During the Camp Wolters training, many of us signed up for OCS (Officers Candidate School) and would have been sent to the Infantry OCS in Fort Benning, Georgia if we entered into the program. Subsequently, we found out about a new Army program called ASTP (Army Specialized Training Program) and most of us that had some college background signed up for this program. These programs were in basic engineering and foreign languages and were at a large number of colleges throughout the United States. In addition to the fact that the Army was not ready to invade Europe, it was also a political move to keep the colleges from going bankrupt. During the war the colleges had but few male students and those that were not coeducational would have had a rough time without the ASTP and the Navy V-11 programs.

CAMP MAXEY, TEXAS
Those of us who were accepted into the ASTP program, were shipped to Camp Maxey, Texas near Paris, Texas on September 1, 1943 on nine Greyhound busses. This camp had had a large group of Japanese prisoners who had been transferred elsewhere before we arrived.
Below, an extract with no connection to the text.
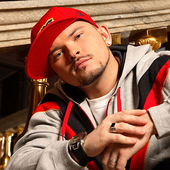 ST1M feat. Макс Лоренс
To give us a good welcome, those soldiers who were already there were hanging on the wire enclosure to the camp calling for American cigarettes and water. They were disheveled in appearance and we could hear beatings and screaming coming from the barracks. Our apprehension of a new camp was heightened by this display. We spent over a month at Camp Maxey before we got orders to report to a college for the ASTP training.

FORDHAM UNIVERSITY IN NEW YORK CITY
I was in a group of soldiers who were transferred to Fordham University in the Bronx in New York City, and we left Camp Maxey, Texas on October 6, 1943 for a four day trip by troop train to New York. We arrived in Grand Central Station in New York City, and we immediately boarded Army trucks for the trip to the Bronx and Fordham University. At this time we still had all of our equipment--steel helmets, full field packs, gas masks, rifles and all of the rest. We traveled by truck right down the main part of New York City, and you would think that we were getting a ticker-tape parade with the amount of interest we drew from all of the offices along the way in Manhattan. The people in all of the offices naturally thought that we were in New York City headed for overseas with the Army, so they all leaned out of office windows, waved flags, and hollered at us. We were heroes for a few minutes. I even had a civilian on the street tell me in confidence that we were embark-ing on the Queen Mary, since he said that it was docked in New York harbor. The next day, I found out that sure enough the Queen Mary was in the harbor when I saw it from the top of the Empire State Building. The college course was intense. We took the first year of college in the first three months, and the second year of college in the second three months. It was fun being in New York City for six months or so. We went to a lot of Broadway shows, saw several radio broadcasts (no TV then) and enjoyed the benefits of the low prices for servicemen in New York City.  I remember getting into the show at Radio City Music Hall for 35 cents ($2.50 for civilians) ahead of a line that was about three blocks long. Even the New Yorkers stepped aside so we could walk to the head of the line and plunk down our 35 cents and enter the theater first. What a good service town was New York City!